**Task goal:** Wherever the string "Pink" appears in the listing, copy that line.
◇ ◇ ◇ ◇ ◇
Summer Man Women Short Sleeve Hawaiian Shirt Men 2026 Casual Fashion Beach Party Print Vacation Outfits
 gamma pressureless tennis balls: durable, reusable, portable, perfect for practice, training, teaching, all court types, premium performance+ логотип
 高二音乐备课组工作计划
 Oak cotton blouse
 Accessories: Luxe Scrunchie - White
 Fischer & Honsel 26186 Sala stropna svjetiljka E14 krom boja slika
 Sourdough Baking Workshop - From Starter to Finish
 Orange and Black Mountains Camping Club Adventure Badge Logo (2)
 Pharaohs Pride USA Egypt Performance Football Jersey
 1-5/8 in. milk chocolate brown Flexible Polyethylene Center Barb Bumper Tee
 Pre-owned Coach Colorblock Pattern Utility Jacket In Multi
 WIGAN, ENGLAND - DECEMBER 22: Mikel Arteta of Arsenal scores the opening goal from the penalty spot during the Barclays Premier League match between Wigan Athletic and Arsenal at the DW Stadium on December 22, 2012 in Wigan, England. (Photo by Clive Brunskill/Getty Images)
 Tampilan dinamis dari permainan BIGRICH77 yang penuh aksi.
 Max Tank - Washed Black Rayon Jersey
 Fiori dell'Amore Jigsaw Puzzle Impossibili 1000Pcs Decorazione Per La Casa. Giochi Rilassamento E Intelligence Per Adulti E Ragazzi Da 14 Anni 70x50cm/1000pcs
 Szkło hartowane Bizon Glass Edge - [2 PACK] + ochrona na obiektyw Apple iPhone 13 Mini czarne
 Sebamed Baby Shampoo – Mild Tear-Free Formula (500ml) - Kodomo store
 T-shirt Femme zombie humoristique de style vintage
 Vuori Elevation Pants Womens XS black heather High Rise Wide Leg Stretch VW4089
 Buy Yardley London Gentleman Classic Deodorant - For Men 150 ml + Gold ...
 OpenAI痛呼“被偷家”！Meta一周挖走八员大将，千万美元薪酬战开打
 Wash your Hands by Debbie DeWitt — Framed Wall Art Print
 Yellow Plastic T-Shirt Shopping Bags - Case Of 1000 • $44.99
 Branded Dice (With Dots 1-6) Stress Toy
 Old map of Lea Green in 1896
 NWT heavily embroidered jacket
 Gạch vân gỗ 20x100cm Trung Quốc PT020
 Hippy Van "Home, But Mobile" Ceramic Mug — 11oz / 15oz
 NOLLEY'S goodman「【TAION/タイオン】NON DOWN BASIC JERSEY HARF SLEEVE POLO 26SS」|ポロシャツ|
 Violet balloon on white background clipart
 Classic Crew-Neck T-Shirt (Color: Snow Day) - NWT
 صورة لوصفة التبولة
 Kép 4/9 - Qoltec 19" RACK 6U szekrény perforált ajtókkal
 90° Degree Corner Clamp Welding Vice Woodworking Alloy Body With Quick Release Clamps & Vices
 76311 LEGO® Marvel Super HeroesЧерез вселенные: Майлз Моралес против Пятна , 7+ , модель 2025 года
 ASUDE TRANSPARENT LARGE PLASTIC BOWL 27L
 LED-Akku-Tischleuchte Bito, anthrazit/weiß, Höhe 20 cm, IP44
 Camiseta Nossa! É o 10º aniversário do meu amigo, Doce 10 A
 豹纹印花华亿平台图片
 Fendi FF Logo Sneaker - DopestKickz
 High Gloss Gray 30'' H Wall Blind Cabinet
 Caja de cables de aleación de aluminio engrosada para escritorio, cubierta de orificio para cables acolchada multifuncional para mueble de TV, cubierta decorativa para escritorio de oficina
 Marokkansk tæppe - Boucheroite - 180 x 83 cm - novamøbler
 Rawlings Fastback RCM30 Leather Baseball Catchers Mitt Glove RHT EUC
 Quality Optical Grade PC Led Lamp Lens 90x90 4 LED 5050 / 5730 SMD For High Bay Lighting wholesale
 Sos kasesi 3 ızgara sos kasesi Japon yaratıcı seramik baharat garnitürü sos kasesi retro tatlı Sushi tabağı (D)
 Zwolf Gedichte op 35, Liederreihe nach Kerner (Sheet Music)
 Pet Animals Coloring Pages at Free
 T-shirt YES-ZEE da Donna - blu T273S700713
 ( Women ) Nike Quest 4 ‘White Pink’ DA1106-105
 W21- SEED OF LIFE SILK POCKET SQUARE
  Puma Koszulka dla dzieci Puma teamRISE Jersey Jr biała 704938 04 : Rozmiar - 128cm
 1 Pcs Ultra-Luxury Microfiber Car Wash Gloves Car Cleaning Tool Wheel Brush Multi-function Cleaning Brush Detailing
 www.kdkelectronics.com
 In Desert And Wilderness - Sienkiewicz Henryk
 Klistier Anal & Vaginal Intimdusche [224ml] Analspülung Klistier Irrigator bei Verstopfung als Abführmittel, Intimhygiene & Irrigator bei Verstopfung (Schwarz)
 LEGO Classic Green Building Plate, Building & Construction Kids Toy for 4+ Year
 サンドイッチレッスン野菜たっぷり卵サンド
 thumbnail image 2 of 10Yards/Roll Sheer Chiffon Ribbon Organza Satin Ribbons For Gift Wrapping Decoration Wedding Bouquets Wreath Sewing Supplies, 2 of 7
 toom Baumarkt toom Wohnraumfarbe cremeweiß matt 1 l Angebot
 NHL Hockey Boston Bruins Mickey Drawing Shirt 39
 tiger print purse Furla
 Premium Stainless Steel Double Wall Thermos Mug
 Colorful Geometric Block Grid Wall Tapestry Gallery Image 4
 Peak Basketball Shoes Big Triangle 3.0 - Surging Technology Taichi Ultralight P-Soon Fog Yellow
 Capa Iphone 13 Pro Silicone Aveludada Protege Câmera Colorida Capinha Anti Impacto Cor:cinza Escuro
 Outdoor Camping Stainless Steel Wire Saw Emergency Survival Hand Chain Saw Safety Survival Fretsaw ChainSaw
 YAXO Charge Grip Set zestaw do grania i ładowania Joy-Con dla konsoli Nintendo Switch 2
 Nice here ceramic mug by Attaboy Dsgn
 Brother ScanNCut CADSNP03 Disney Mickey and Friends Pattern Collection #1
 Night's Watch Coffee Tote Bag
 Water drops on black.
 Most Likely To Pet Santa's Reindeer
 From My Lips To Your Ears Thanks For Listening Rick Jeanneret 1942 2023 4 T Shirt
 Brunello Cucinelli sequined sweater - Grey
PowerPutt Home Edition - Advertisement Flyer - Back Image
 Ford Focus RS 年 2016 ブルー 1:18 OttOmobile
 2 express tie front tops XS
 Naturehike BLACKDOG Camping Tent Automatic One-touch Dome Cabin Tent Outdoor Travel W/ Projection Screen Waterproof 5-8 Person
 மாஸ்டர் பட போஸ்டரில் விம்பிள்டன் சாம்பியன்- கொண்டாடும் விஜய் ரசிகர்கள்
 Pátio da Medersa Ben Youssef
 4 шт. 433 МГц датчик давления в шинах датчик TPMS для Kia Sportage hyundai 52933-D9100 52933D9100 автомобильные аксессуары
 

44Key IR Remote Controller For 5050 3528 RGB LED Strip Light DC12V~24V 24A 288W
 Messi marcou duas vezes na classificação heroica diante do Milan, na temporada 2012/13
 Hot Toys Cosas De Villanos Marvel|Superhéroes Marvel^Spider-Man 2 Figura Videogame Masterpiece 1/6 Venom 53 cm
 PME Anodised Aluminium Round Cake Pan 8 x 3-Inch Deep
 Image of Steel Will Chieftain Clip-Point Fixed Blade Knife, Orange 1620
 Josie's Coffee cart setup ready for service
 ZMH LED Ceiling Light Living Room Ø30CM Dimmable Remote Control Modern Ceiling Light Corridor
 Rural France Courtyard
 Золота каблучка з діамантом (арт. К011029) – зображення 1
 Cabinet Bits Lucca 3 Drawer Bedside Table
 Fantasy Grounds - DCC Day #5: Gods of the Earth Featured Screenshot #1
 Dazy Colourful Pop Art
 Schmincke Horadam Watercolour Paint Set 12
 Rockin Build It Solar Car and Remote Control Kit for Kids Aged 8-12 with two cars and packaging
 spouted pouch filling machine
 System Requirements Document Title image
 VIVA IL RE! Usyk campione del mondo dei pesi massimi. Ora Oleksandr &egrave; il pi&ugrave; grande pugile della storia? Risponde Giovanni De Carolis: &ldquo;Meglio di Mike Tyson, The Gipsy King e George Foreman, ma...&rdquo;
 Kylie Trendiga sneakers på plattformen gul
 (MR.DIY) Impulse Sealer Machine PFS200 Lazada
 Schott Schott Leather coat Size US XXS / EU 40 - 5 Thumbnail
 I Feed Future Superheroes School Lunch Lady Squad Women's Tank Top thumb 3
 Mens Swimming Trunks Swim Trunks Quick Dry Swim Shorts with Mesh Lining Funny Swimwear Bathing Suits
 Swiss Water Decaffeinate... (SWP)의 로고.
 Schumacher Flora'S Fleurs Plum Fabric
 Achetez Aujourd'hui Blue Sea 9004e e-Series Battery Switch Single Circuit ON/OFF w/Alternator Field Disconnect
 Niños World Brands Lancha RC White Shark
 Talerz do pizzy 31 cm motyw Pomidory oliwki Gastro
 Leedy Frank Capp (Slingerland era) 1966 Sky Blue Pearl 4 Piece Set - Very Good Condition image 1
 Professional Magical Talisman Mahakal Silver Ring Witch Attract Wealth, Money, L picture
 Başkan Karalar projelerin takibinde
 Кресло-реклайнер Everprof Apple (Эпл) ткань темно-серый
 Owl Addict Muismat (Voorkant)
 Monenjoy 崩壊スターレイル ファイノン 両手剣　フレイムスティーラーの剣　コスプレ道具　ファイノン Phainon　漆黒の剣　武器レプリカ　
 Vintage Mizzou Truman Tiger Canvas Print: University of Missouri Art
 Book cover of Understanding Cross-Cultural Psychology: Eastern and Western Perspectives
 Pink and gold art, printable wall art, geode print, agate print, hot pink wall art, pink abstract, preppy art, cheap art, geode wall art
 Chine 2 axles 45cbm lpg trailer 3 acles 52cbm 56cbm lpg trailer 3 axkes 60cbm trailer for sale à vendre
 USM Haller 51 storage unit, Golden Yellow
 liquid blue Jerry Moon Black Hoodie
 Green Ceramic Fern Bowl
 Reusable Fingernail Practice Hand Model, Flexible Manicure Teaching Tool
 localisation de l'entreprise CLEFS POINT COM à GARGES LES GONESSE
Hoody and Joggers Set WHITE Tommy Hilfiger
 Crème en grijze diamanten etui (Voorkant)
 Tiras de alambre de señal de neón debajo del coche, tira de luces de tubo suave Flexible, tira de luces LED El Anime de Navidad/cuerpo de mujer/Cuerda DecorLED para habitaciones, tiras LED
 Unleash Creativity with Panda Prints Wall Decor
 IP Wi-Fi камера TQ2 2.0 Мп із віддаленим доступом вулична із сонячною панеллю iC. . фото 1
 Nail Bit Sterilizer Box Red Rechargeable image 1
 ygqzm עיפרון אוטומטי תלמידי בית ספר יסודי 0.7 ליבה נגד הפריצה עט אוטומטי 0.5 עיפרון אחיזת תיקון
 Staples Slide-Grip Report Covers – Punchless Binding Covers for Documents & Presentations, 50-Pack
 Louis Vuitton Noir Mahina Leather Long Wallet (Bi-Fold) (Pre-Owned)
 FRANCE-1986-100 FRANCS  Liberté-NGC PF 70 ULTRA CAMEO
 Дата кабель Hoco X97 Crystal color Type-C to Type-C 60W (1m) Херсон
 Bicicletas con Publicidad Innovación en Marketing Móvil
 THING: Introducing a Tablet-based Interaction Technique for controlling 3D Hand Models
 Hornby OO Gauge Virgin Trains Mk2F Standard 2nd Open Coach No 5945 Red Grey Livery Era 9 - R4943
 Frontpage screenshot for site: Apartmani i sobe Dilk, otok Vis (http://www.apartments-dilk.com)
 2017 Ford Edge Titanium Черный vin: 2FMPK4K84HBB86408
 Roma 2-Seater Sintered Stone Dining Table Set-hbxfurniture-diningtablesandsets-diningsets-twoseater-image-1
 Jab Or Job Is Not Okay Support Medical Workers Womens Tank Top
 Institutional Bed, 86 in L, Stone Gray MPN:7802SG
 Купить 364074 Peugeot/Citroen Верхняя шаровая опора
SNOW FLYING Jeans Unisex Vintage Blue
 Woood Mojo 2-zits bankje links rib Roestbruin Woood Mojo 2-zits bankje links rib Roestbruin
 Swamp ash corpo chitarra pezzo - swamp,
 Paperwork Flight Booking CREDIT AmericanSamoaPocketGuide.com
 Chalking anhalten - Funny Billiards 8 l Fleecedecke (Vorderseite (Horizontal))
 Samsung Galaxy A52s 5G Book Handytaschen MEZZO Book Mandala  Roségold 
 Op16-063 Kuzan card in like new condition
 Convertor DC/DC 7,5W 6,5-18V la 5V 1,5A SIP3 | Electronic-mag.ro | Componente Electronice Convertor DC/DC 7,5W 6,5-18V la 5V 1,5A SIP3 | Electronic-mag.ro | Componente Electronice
◇ ◇ ◇ ◇ ◇
**Task response:**
 ( Women ) Nike Quest 4 ‘White Pink’ DA1106-105
 Pink and gold art, printable wall art, geode print, agate print, hot pink wall art, pink abstract, preppy art, cheap art, geode wall art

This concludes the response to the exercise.